With reports of climate doomsday on the horizon, many people seek a brighter outlook on the future but aren’t sure where to turn. In February 2014, the Spring Creek Project for Ideas, Nature and the Written Word at Oregon State University hosted a two-day symposium to highlight strategies for coping — and even thriving — in a world confronted by these global-scale challenges.

“I think when people really engage with issues of climate change, environmental degradation, social problems….it’s scary,” says Charles Goodrich, director of the Spring Creek Project. “Often times people withdraw, and the biggest challenge is not to feel alone.

The need for an antidote to isolation inspired Goodrich and his team of writers and philosophers to organize the symposium on a theme of Transformation Without Apocalypse: How to Live Well on an Altered Planet.

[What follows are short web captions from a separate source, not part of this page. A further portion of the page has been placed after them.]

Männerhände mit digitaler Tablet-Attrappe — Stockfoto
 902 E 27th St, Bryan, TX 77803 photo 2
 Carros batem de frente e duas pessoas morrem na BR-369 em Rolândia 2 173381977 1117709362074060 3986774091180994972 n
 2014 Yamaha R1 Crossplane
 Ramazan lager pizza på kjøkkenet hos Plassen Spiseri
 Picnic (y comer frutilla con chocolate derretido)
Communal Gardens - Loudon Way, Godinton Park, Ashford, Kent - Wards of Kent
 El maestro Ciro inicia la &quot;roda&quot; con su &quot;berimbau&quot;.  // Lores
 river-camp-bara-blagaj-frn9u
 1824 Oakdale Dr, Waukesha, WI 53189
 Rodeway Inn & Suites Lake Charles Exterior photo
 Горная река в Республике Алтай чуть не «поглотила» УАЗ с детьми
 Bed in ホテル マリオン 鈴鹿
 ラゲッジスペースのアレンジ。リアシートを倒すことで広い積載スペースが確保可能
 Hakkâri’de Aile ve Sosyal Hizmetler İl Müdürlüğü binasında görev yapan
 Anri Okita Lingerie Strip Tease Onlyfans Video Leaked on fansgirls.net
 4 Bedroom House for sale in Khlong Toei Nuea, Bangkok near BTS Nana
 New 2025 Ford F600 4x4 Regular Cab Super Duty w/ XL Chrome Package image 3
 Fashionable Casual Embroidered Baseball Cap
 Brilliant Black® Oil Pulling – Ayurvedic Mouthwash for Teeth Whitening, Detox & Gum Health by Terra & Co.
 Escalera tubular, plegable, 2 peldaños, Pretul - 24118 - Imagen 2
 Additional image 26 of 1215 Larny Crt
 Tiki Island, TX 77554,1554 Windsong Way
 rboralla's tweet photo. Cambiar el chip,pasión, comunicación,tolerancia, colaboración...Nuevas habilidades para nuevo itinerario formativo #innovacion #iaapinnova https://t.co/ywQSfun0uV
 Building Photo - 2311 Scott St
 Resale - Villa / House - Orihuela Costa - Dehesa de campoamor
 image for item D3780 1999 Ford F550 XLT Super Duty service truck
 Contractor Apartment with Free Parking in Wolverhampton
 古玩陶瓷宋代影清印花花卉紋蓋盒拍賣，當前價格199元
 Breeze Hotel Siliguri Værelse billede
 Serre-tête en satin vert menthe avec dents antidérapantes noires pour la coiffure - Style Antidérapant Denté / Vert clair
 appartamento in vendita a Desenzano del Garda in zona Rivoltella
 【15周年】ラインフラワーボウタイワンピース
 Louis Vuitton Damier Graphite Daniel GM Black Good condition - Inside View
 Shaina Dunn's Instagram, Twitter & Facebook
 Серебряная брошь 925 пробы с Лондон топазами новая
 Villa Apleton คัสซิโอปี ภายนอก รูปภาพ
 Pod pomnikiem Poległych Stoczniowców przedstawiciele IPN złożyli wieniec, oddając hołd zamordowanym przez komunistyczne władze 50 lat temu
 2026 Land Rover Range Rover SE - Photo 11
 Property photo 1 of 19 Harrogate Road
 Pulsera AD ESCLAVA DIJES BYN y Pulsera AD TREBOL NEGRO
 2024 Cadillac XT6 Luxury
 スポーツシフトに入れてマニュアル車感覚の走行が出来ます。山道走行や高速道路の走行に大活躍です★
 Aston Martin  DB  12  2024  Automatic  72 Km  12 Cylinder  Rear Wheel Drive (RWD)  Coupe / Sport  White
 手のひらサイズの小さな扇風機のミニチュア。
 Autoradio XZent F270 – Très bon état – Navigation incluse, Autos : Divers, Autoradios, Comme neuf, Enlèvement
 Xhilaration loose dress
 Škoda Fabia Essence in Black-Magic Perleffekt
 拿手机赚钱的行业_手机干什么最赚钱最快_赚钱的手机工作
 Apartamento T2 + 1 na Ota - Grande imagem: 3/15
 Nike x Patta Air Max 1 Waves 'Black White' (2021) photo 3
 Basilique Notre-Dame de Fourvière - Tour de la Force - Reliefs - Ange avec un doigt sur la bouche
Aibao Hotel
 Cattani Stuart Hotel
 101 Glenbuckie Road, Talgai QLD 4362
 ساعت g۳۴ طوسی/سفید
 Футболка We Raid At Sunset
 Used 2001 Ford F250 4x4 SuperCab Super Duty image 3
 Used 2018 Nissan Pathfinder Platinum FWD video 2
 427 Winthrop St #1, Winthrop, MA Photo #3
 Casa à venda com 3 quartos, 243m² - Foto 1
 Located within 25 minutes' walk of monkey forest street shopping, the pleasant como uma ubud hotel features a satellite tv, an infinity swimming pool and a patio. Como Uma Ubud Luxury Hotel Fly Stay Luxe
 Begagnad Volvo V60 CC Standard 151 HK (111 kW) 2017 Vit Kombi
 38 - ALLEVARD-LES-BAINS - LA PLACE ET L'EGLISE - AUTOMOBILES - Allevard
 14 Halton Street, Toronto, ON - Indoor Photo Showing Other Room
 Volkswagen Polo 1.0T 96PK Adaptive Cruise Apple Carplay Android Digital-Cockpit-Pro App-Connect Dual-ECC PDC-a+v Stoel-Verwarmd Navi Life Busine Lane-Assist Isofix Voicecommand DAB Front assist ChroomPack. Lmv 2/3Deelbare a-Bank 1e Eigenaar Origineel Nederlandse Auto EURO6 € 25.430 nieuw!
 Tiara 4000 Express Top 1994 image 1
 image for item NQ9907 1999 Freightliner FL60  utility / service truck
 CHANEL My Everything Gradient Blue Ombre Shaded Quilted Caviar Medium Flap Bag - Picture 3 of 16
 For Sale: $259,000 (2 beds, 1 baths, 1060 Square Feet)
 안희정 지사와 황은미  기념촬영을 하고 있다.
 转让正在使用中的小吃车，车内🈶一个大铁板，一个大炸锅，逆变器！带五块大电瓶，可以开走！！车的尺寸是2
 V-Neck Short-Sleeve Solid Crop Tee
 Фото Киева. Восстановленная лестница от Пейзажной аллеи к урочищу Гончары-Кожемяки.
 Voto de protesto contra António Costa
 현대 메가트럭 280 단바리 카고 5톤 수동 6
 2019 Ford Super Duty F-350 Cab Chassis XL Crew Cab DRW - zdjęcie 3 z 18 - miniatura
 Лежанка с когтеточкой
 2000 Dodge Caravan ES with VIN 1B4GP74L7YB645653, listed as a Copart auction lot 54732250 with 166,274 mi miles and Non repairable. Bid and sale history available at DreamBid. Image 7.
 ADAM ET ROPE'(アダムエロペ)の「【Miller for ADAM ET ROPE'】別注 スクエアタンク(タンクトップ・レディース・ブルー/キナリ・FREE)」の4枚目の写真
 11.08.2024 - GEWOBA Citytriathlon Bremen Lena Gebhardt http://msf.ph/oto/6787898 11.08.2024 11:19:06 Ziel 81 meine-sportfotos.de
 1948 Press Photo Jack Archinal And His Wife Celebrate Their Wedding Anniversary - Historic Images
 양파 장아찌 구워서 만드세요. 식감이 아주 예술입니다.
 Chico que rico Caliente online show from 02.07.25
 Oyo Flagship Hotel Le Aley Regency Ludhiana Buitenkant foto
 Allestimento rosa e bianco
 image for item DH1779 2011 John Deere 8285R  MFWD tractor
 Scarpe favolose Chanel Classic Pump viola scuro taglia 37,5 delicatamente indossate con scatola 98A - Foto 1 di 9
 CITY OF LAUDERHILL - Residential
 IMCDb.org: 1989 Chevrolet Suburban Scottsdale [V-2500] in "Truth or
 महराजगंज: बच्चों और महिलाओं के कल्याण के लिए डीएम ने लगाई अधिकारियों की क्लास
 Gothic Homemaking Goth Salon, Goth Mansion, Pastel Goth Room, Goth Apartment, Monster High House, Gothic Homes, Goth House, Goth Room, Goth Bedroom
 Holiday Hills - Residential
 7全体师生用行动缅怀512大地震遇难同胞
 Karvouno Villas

With more than 1,000 people in attendance, the free public conference featured speakers, workshops and a “radical reimagining fair” to showcase innovations and organizations dedicated to sustainability. Participants explored a variety of environmental, social and economic solutions, such as water conservation, abolishing war, food co-ops, fossil fuel divestment and personal reflection on grief.

“We hope that with all these organizations and the many, many, many great ideas, there should be something for everyone,” Goodrich adds.

During the event, a small crew of Terra reporters set out to capture attendees’ perspectives on some of these ideas. Here is a collection of their responses.

“We want people to go home feeling less alone,” Goodrich says.  “I’m still scared. I’m still angry. But now I know what to do, and I know who to do it with, so I’m not going to sit at home and sulk.”

Keynote speakers at the event included environmental activist Tim DeChristopher, “Yes! Magazine” editor Sarah Van Gelder and OSU Distinguished Professor of Philosophy Kathleen Dean Moore. The weekend culminated with readings by creative visionaries and authors Ursula K. Le Guin and Kim Stanley Robinson.